15 Research Lab -Adversarial Safety Evaluation of Frontier AI Systems

John Kearney

Q1 2026 research update

February 28, 2026

researchupdatefindings

Here is where things stand across our three main research tracks as of late February.

The Fifteen Standard. The standard is live and we have scored over 30 unique agent configurations. The main finding so far: safety-relevant behavior varies more across framework versions than across model versions. Upgrading from one framework version to the next changed safety scores more than switching between frontier models. This suggests that framework architecture matters more than model capability for deployment safety.

We are preparing a v1.1 update to the standard that adds real-world scenarios alongside the synthetic ones. We are also adding cross-complexity analysis as a first-class dimension after finding that safety behavior degrades systematically with task complexity.

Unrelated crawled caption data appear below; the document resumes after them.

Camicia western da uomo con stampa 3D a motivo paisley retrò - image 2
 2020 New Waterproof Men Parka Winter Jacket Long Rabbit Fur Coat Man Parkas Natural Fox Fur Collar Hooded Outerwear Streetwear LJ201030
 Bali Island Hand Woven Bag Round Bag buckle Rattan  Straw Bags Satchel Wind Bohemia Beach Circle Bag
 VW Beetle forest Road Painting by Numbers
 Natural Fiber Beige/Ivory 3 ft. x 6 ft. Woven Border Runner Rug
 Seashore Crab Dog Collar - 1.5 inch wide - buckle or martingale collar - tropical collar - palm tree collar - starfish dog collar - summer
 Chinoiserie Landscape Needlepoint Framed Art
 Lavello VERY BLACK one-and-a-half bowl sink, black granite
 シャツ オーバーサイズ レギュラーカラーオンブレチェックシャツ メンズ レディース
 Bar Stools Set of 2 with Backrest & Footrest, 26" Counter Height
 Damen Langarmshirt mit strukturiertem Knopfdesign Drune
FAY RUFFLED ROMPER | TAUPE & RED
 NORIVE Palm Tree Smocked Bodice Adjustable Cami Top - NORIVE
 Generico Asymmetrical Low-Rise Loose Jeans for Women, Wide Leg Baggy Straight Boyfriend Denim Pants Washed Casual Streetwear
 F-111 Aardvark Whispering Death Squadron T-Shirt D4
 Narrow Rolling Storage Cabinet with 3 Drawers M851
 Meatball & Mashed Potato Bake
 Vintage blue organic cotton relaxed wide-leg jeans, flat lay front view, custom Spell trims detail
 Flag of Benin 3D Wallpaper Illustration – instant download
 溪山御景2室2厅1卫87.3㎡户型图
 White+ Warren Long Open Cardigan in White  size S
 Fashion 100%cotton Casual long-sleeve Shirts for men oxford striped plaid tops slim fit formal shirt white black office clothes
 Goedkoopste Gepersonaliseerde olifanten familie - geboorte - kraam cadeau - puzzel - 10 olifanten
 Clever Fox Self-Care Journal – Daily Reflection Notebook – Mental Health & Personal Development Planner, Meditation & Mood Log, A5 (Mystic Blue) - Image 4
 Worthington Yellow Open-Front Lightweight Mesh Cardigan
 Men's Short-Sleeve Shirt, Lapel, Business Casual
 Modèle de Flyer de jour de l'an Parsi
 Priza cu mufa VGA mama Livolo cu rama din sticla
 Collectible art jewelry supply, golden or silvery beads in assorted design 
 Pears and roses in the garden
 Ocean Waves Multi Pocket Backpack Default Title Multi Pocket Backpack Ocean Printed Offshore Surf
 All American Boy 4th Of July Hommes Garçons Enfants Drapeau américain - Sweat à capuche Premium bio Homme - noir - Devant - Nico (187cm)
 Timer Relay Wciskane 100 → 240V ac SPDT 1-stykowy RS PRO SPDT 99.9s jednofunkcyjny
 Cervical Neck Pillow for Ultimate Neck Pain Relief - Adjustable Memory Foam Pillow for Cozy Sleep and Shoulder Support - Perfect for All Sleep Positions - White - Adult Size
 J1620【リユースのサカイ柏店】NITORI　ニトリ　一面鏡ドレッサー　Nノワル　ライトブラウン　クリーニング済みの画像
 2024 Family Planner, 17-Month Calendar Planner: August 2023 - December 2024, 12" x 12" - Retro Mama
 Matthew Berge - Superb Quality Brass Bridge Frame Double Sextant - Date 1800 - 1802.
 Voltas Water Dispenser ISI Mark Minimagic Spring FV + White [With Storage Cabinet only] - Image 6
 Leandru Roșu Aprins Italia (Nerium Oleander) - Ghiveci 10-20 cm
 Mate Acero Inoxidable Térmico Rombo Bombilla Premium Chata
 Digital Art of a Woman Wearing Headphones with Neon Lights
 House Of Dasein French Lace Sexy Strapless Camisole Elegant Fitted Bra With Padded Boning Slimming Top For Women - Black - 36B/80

Red teaming. We have completed three structured red team sessions covering scope escalation, execution replay, and privilege management. The full findings are being written up for publication. The most actionable finding is that runtime tool validation at the execution layer (not just the prompt layer) reduces scope violations by 80% or more. Frameworks without runtime validation are fundamentally exposed.

Frontier methods. Our investigation into evaluation-aware behavior is ongoing. Preliminary results suggest that agents do behave differently when they detect evaluation contexts, but the effect size varies significantly by model. We need more data before making strong claims.

What is next. Priorities for the rest of Q1 and into Q2: publish the red team findings, release the v1.1 standard update, and start a new research track on multi-agent coordination safety. When multiple agents work together, the safety properties of individual agents do not compose in obvious ways. A system of individually safe agents can produce collectively unsafe behavior. We want to understand when and why that happens.